Uważam, że Corralejo jest cudownym, ale bardzo specyficznym miejscem. Przy pobycie tak długim jak nasz sprawdziło się super, ale na krótsze wakacje wybrałabym chyba bardziej cool El Cotillo. W każdym razie to miasteczko zaskoczyło mnie wielokrotnie, jak zobaczcie poniżej:)
Inne wpisy o Corralejo
Subiektywny przewodnik po Corralejo
Nasze mieszkanie w Corralejo i mieszkanie mojej przyjaciółki
Turkusowy Ocean
- woda tutaj jest najpiękniejsza jaką widziałam w Europie plus wybór plaż jest ogromny, są plaże miejskie, wąskie, tłoczne, jest plaża z białym piaskiem i plaże za miastem przy Wydmach o spektakularnych falach. Moje ulubione plaże to Biała Plaża (przy Sunset Lounge) i plaża przy Wydmach Playa Alzada.
Wegańskie jedzenie
- nakłoni do kuchni roślinnej nawet mięsożerców, są tutaj aż 3 genialne miejsca Baobab, H2O i Dr Sanchez. Przy takich upałach takie jedzenie to zbawienie!
Wyluzowane bary
- Corralejo jest pełne surferów, większość miejsc ma super klimat. Kilka barów jest takich, ze chce się tam spędzić cały dzień. Moje ulubione to Sunset Lounge, Gilda, El Aqua, wszystkie przy Oceanie.
Włoskie jedzenie
- w Corralejo mieszka mnóstwo Włochów. Tak wielu, że praktycznie nie trzeba znać hiszpańskiego. Ja z moim włoskim miałam się świetnie. Większość z nich prowadzi knajpy i gotują tradycyjne włoskie jedzenie z hiszpańskim zacięciem, combo idealne! Najpyszniejsze risotto z owocami morza czy ravioli z małżami jadłam tutaj w Corralejo!

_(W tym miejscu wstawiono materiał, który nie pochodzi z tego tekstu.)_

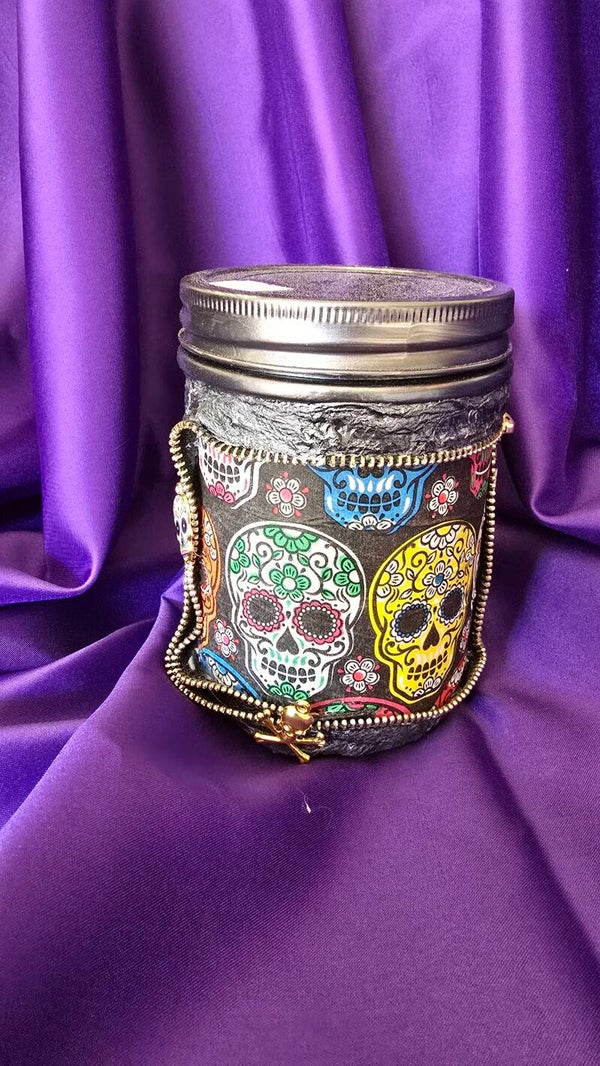 Schraubglas klein mit Totenköpfen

Biała Plaża (Playa de Vista Lobos)
- zrobiła na mnie ogromne wrażenie, bo nie dość, że aby ją odkryć trzeba minąć piękne domy nad Oceanem z basenami i ogrodami to jeszcze jest tam świetny bar. Turkusowa woda, biały przyjemny piaseczek, pustki. Świetne miejsce.
Wydmy
- już jadąc z lotniska kiedy moim oczom ukazał się bezkres delikatnego jasnego piasku oraz turkus wody wiedziałam, że to miejsce mnie zachwyci. Wydmy mają swoje plusy bo tworzą nieziemski krajobraz. Ale i minusy w postaci piaskowych burz, a także tego, że trzeba je pokonać aby dostać się do większości fajnych plaż jak Flag Beach. Dlatego ja polecam jechać dalej i wybrać te plaże przy Wydmach, które są przy drodze.
Architektura i drzwi
- Centrum Corralejo to piękna biała zabudowa z kolorowymi drzwiami. Zachwyt totalny. Oczywiście jest też turystyczna część, ale jej jakoś mega nie polecam. Wystarczy skręcić w Avenidas Grandes Playas (jest wzdłuż ścieżka rowerowa) i już można zachwycać się pięknymi willami z egzotycznymi ogródkami. Jeśli chodzi o Centrum to ja lubię część od Calle Lepanto w górę aż do Bristolu.
Surfing
- w Corralejo są świetne warunki do pływania, jest mnóstwo szkoł surfingu oraz ten luźny i sympatyczny klimat miasteczka surferskiego.
Lobos
- wyspa lazurowych plaż znajduje się zaledwie 15 minut promem z miasteczka, bilety można kupić w Porcie. Na Wyspie nie ma nic poza pięknymi plażami i barem serwującym genialną paelle, koniecznie zarezerwujcie stolik!
Lanzarotte
- wspaniała Wyspa na której spędziliśmy pierwsze wakacje na Wyspach Kanaryjskich, prom płynie około 30 minut. Startuję właśnie w Corralejo. Na miejscu warto odwiedzić Dom Maniriqua oraz pozachwycać się architekturą. Na Lanzarotte występuję tylko biała, niska zabudowa. Robi to ogromne wrażenie. Bilety na Lanzarotte kupicie w Porcie.